The Martin J. Moran Co., which has extensive experience working with parishes, expects offertory contributions to increase 30 percent overall as a result of their program, and includes a two-year follow-up to maintain that rate of increase.

The parishes involved use a variety of offertory programs, and where a “commitment approach” is already used, this plan will try to improve it; in other parishes where such an approach is not used, it will be implemented.

While part of the impetus was a sense on the part of the archdiocese that pastors wanted assistance in fund-raising, the sheer growth of the Catholic community has also created a need for increased support.

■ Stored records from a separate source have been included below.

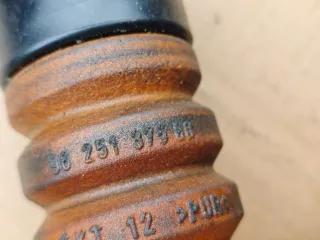 9633097780,9625137580 Пыльник амортизатора Citroen C5 1 Арт 94479839, вид 5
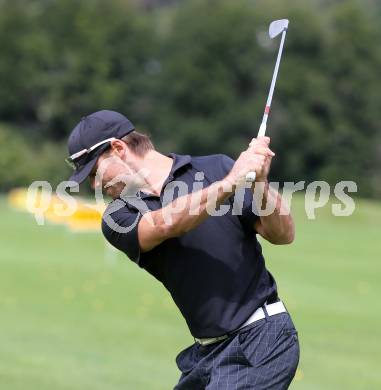 EBEL. Eishockey Bundesliga. Teambuilding VSV. Golf. John Lammers. Tarvis, am 25.8.2014.
Foto: Kuess
---
pressefotos, pressefotografie, kuess, qs, qspictures, sport, bild, bilder, bilddatenbank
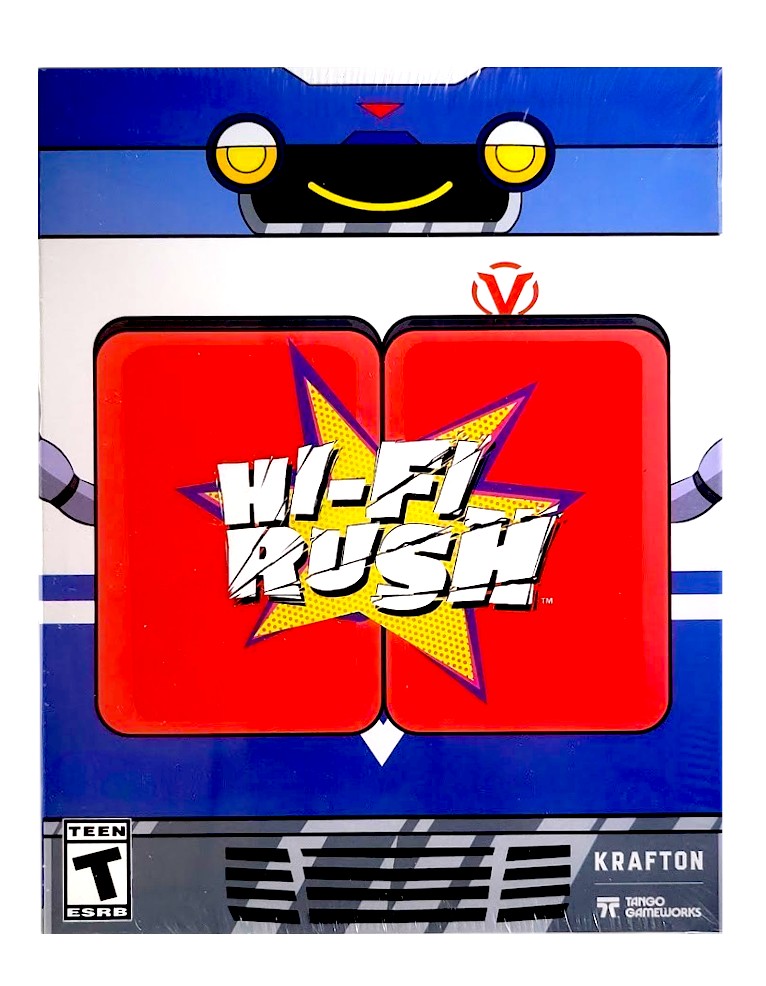 gra ps5 hi fi rush smidge edition / limited run! / import us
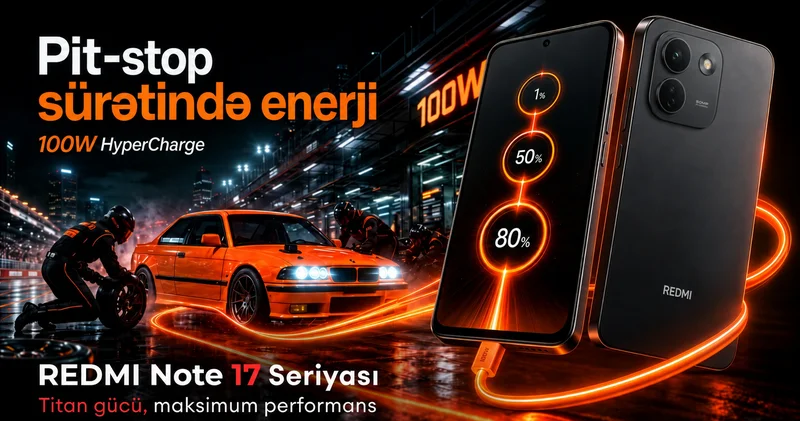 Сила Titan в движении: REDMI Note 17 Pro Max 5G на гоночном треке (ФОТО)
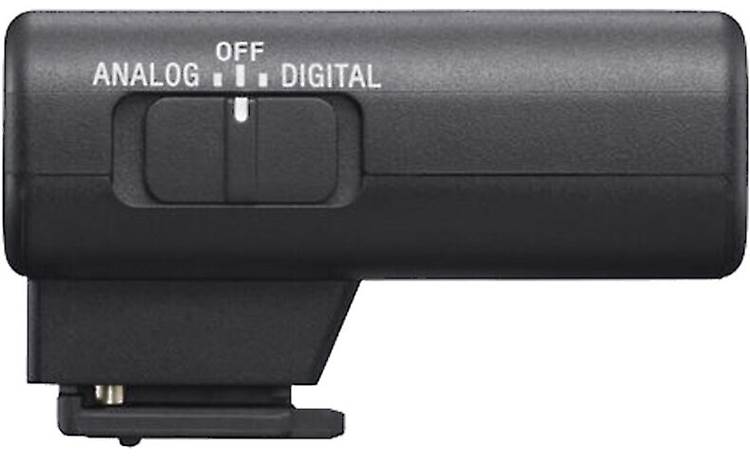 Sony ECM-S1 Receiver audio output switch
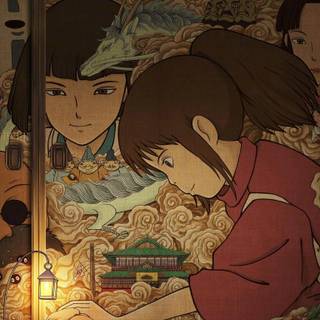 Chihiro iPhone wallpaper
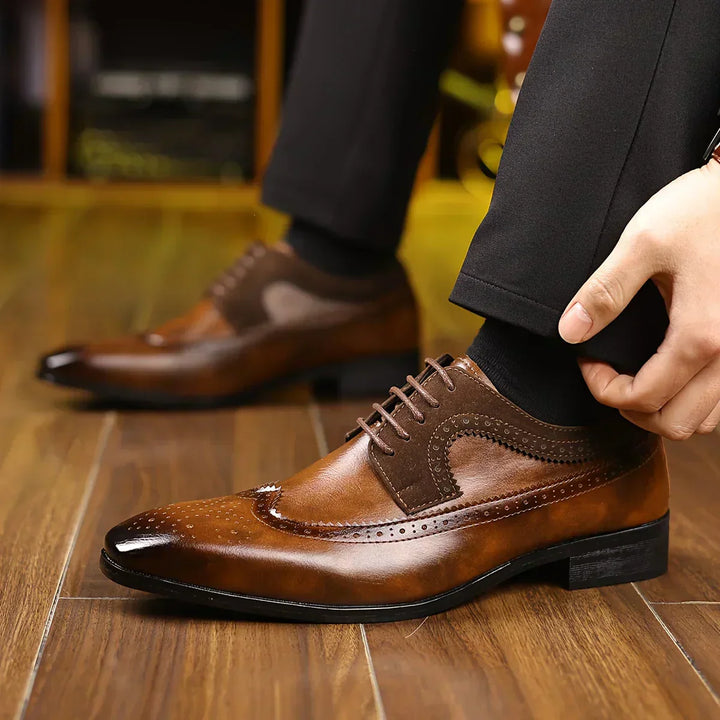 Dawson - Specter Derby Brogues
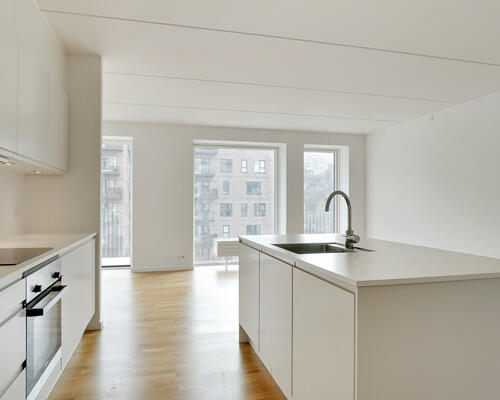 5 værelses lejlighed i København S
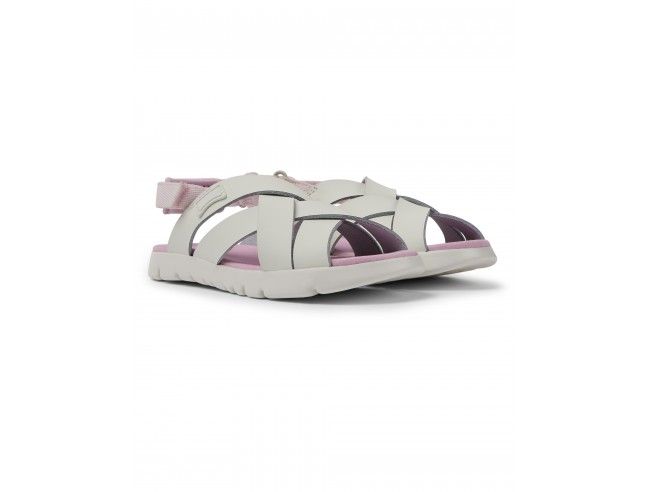 CAMPER SANDALIA HOUSTON BLANCA SS22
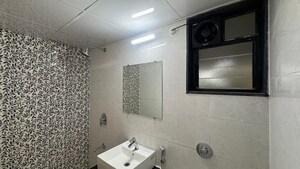Bathroom in 3 BHK Apartment at Kohinoor Viva City, Dhanori – for Rent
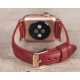 Apple Watch Uyumlu Deri Kordon 42-44-45mm Slim V4EF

In the last five years, seven parishes have opened in the Archdiocese of Atlanta. In addition, while state statistics anticipate that three to five percent of the population in a given area will be Catholic, recent parish openings, in Gwinnett, Cobb and North Fulton counties, have been in areas where between 20 and 35 percent of the population is Catholic. This puts additional pressure on a new parish and the archdiocese, to move quickly to build churches and parish facilities.

The archdiocese has a ceiling on the amount of mortgage money it can borrow and has more than that amount ready to place with banks to finance new construction. As a result, Monsignor Hardy said, parishes already paying off long-term mortgages will have to be challenged to pay off this debt more quickly, and allow other parishes to enter the long-term mortgage market. In addition, each new parish added to the archdiocese places new demands upon the services supplied by the central offices in Atlanta.

Monsignor Hardy said that the history of generosity on the part of the archdiocese’s people “is exceptionally high.” In 1979-80 the archdiocese’s 100,000 Catholics contributed $10.57 million. “That is an enormous amount of money per capita,” Monsignor Hardy said, “and ample evidence that our people understand the importance of giving.

“While those figures have gone up,” he said “expenses have also gone up and what those dollars will actually pay for has changed radically too.”

While everyone has a built-in resistance to appeals, he said, “one of the real tangible ways we have of expressing our gratitude for the things we have received is by sharing them in an increasingly generous manner.”